Exercise: Would you please copy exactly the line with "A modern interior" and all lines that follow it in the data below, through the last one?
Start of Data listing
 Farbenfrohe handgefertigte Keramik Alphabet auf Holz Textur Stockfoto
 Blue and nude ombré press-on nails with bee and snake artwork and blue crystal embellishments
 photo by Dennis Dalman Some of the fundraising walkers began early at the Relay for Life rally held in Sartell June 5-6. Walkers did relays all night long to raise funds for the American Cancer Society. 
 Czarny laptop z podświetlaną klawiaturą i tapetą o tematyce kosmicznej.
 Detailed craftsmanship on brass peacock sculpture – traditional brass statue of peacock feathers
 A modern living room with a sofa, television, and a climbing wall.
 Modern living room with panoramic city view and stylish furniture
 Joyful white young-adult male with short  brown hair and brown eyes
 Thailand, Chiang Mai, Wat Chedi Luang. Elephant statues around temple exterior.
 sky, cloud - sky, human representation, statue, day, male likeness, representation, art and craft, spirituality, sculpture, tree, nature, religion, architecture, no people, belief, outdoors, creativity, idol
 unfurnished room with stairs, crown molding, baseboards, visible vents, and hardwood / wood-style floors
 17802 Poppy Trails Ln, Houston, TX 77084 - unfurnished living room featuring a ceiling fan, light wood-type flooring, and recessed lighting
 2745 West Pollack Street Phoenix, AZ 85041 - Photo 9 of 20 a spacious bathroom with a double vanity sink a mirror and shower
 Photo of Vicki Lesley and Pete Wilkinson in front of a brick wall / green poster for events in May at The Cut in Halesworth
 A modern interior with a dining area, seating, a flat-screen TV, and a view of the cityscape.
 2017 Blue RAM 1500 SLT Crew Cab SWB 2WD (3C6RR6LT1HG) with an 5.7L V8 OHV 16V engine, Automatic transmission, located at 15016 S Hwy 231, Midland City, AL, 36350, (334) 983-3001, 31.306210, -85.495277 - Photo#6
End of Data listing
Answer section:
 A modern interior with a dining area, seating, a flat-screen TV, and a view of the cityscape.
 2017 Blue RAM 1500 SLT Crew Cab SWB 2WD (3C6RR6LT1HG) with an 5.7L V8 OHV 16V engine, Automatic transmission, located at 15016 S Hwy 231, Midland City, AL, 36350, (334) 983-3001, 31.306210, -85.495277 - Photo#6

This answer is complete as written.